Task to complete —
Leave out all pictures while you copy the lines exactly from the one with "New 2026 GMC" through the last line of the listing.
════
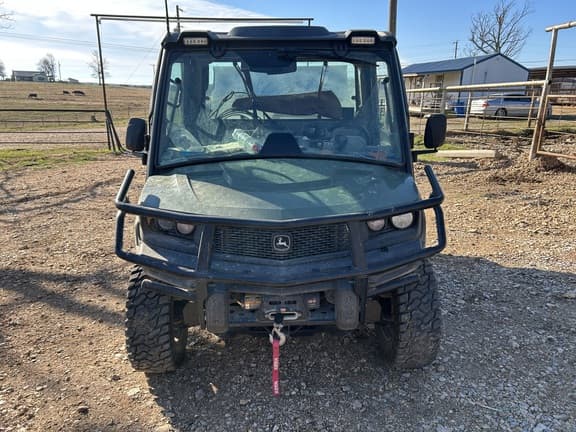 Image of John Deere XUV 835R equipment image 2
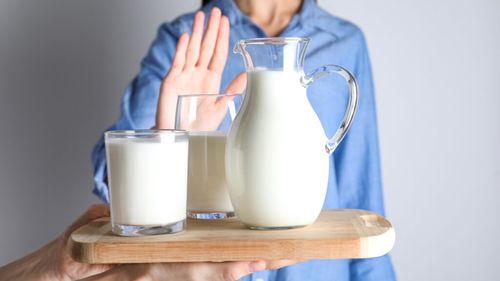 VIDEO | Care e diferența dintre alergia la lapte și intoleranța la lactoză? Cum se produc lactatele fără lactoză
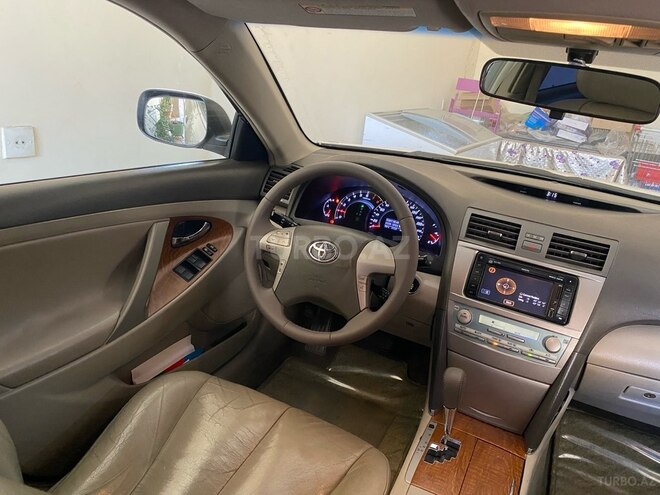 Toyota Aurion-6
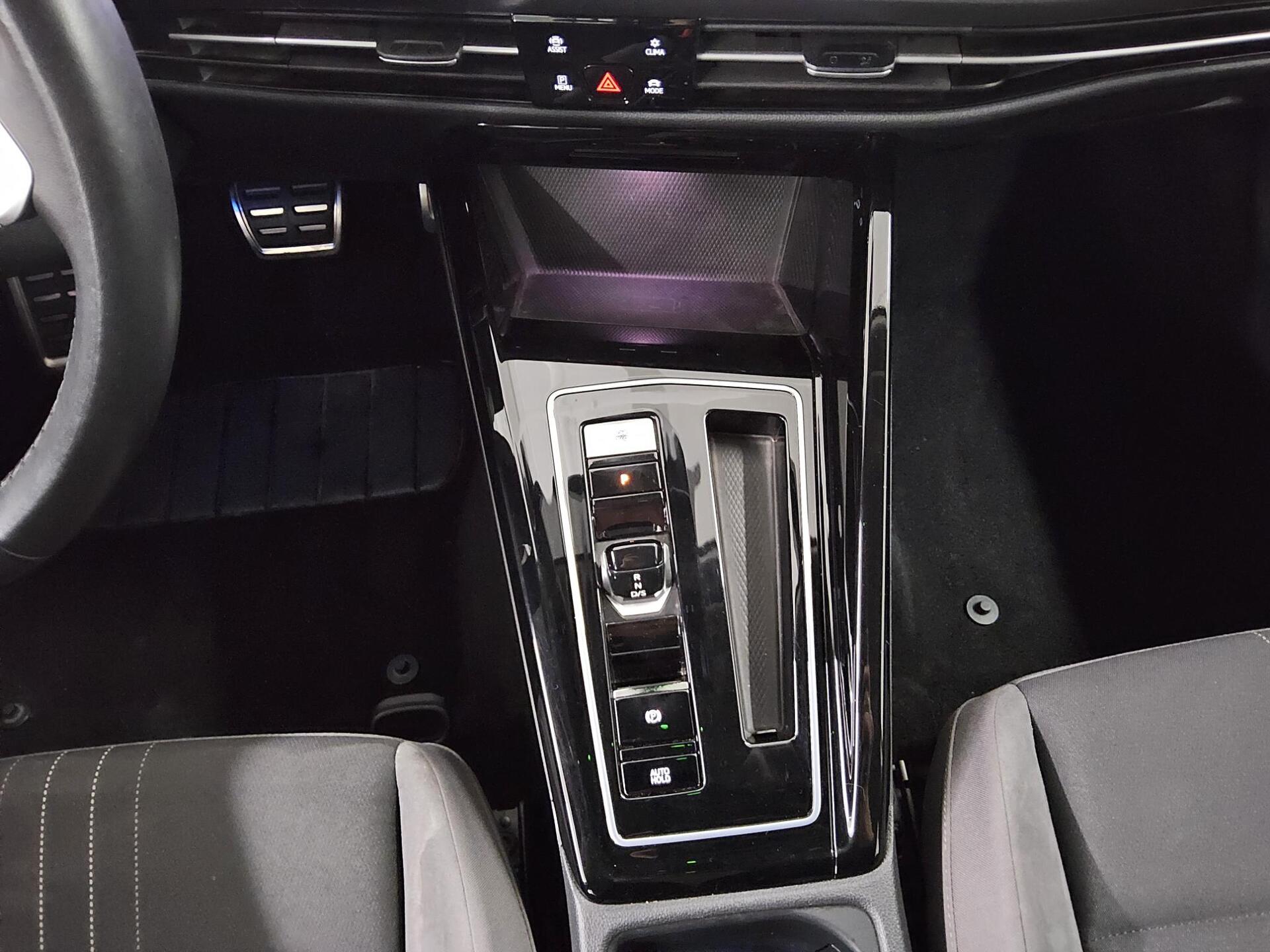 Volkswagen Golf-8 Alltrack 2.0 TDI 4M Navi LED+ AID AHK ACC 6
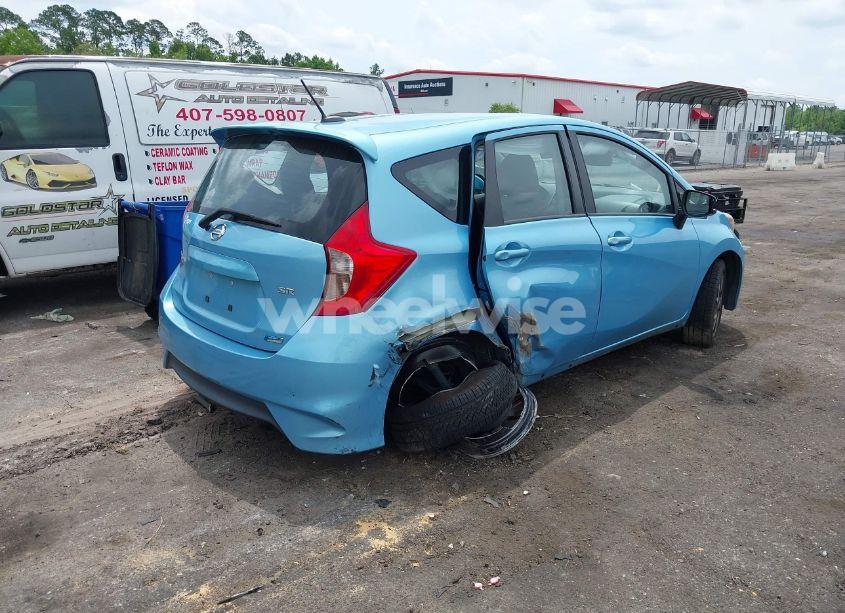 Photo 4 of 2015 Nissan Versa NOTE SR (VIN 3N1CE2CP6FL395786)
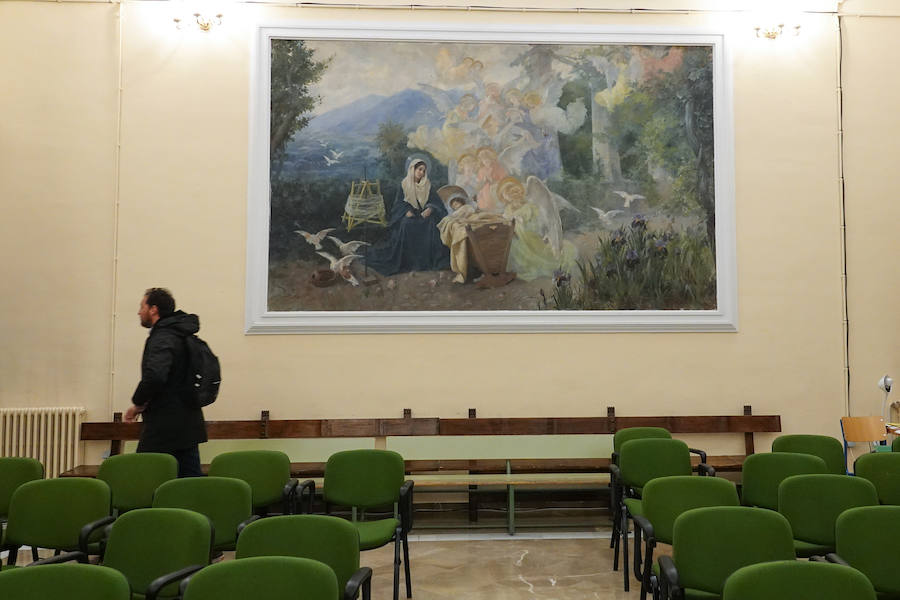 'Máter purísima', de Ramón Pulido, cedido al instituto Ángel Ganivet por el Museo de Arte Moderno.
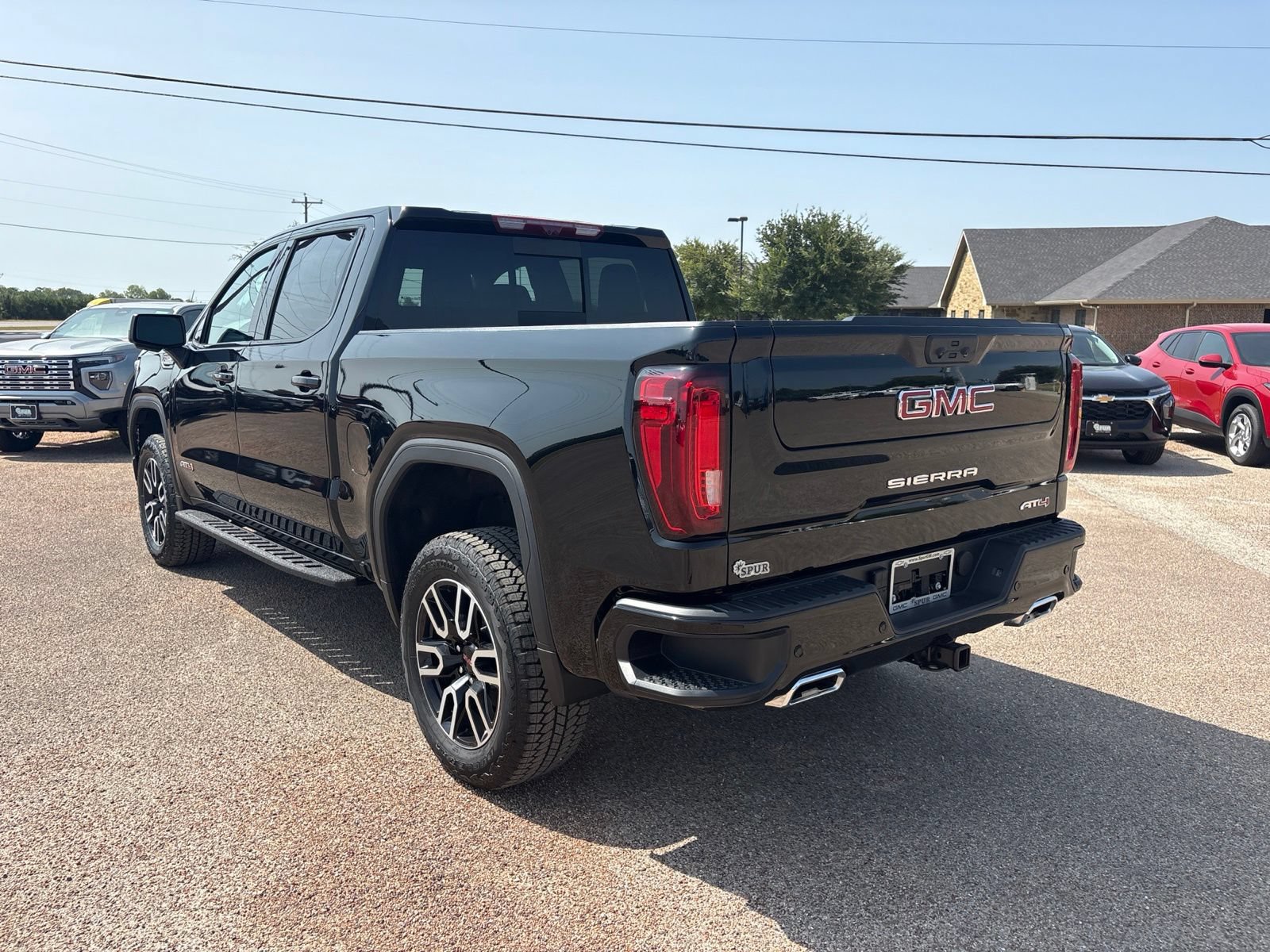 New 2026 GMC Sierra 1500 AT4 w/ AT4 Premium Package AWD/4WD image 4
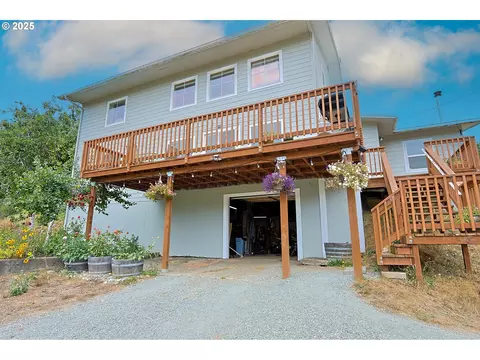 58894 Old Railroad Grade Rd, Coquille, OR 97423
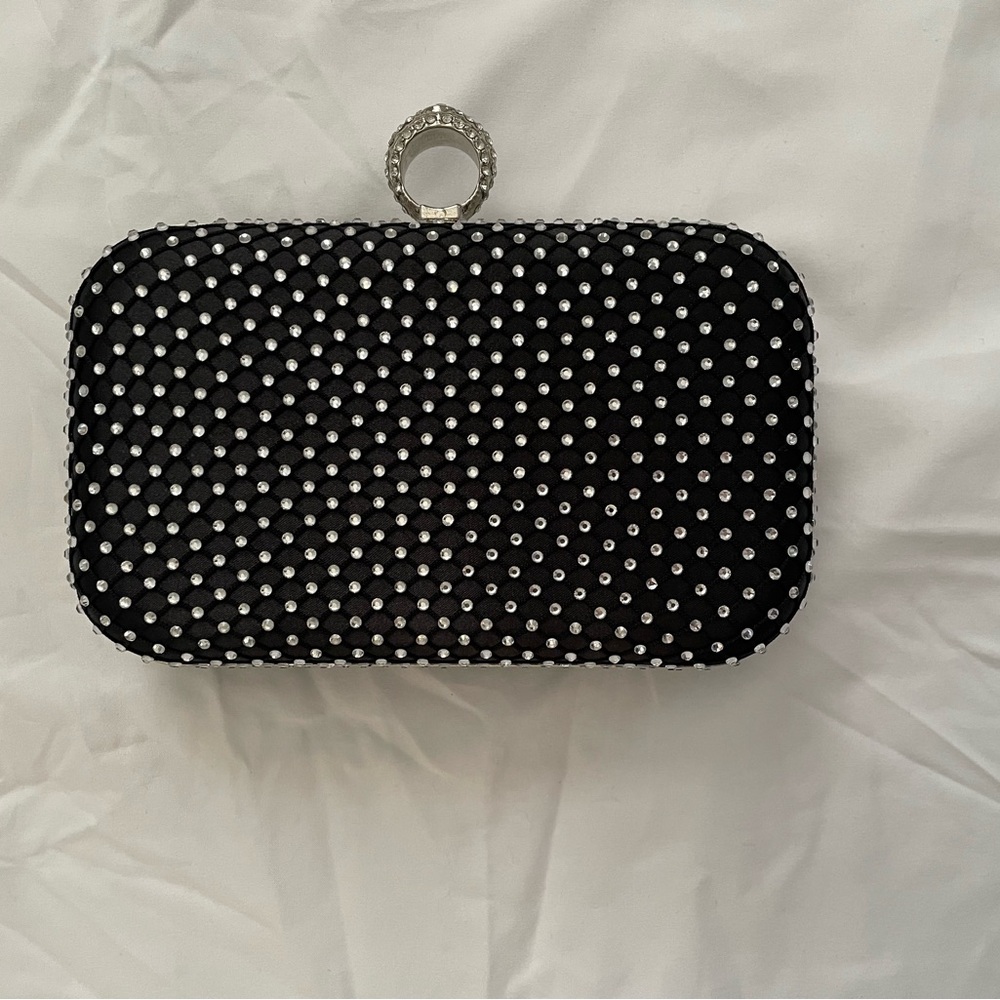 Windsor’s Black and Silver Clutch Bag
════
Output of the task —
 New 2026 GMC Sierra 1500 AT4 w/ AT4 Premium Package AWD/4WD image 4
 58894 Old Railroad Grade Rd, Coquille, OR 97423
 Windsor’s Black and Silver Clutch Bag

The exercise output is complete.